The real estate industry has been pushing to extend and expand the housing tax credit.
About 1.4 million first-time homebuyers have qualified for the credit through August.
The National Association of Realtors estimates that 350,000 of them would not have
purchased their homes without the credit.
Extending and expanding the tax credit for homebuyers is projected to cost the government
about $10.8 billion in lost taxes. While the measure passed the Senate by a 98-0
vote, Sen. Kit Bond, R-Mo., questioned its efficiency in stimulating home sales.
"For the vast majority of cases, the homebuyer tax credit amounted to a free gift
since it did not affect their decision to purchase a home," Bond said. "And for
the small minority of buyers whose decision was directly caused by the credit, this
raises the question of whether we are subsidizing buyers who may not have been able
to afford buying a home in the first place."
The credit is available for the purchase of principal homes costing $800,000 or
less, meaning vacation homes are ineligible. The credit would be phased out for
individuals with annual incomes above $125,000 and for joint filers with incomes
above $225,000.
The credit would be extended an additional year, until June 30, 2011, for members
of the military serving outside the United States for at least 90 days.
Expanding the tax credit for money-losing companies is projected to cost $10.4 billion.
The business tax break would allow money-losing companies to use current losses
to offset taxable profits earned in the previous five years, giving them refunds
of taxes paid in those years. Under current law, businesses with annual gross receipts
of more than $15 million can claim losses back only two years.
The tax break would help industries suffering losses in 2008 or 2009, including
retailers, homebuilders and newspapers. Congress included a scaled-back version
of the tax break — for companies with revenues of $15 million or less — in the economic
recovery package enacted in February.
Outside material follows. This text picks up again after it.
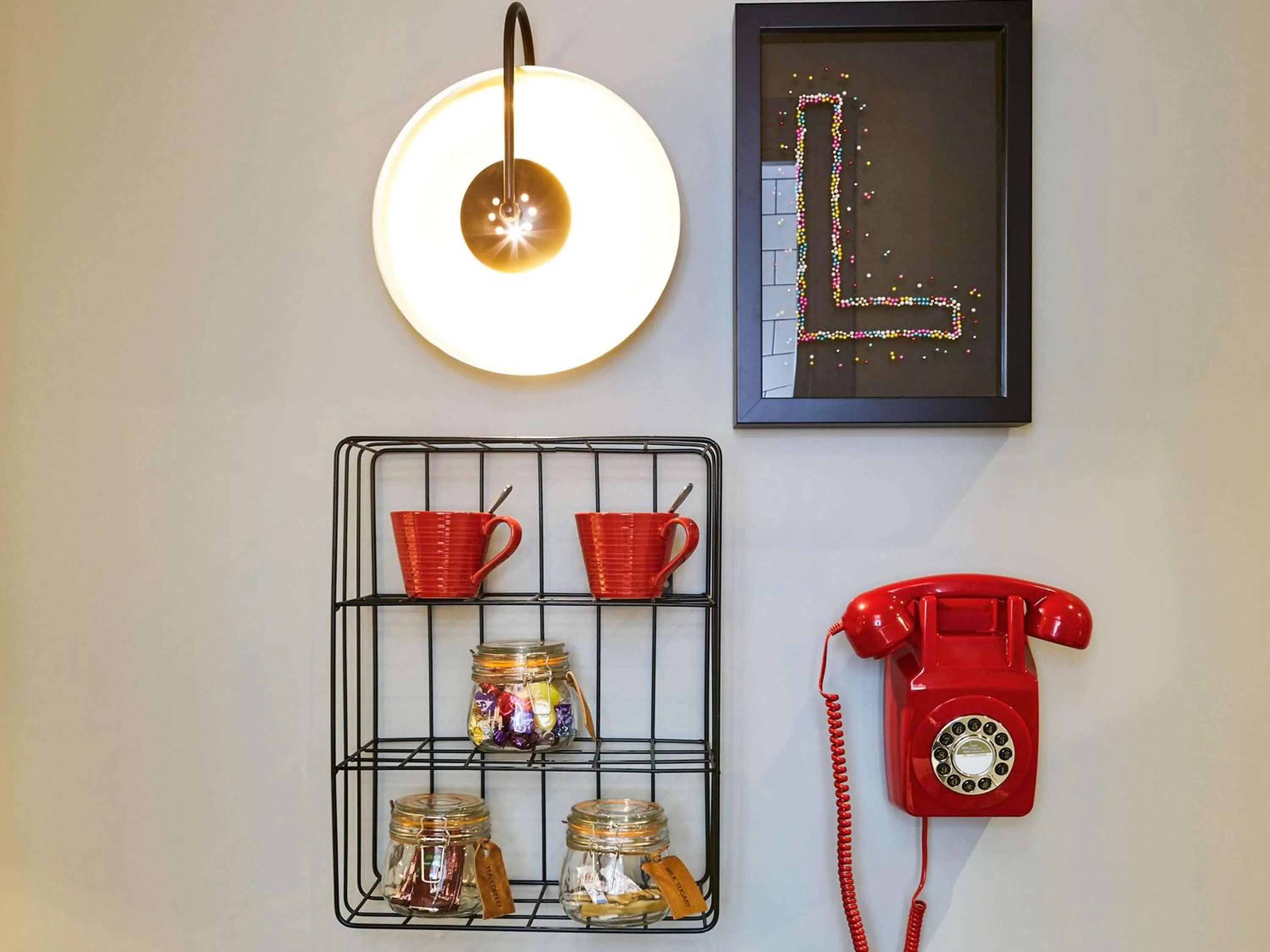 Photo of the whole room in Mercure Leeds Centre Hotel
The new tax break would be available to companies
of any size, providing a quick source of cash.
The U.S Chamber of Commerce has been a big backer of the tax break for money-losing
companies.
"It frees up capital that they can use to maintain jobs and potentially even hire
new people as the economy returns," said Caroline Harris, senior tax counsel for
the U.S. Chamber of Commerce.
The tax breaks would be paid for largely by delaying a tax break for multinational
companies that pay foreign taxes. It was passed in 2004 and originally was to have
taken effect this year, but would now be delayed until 2018. The bill is H.R. 3548.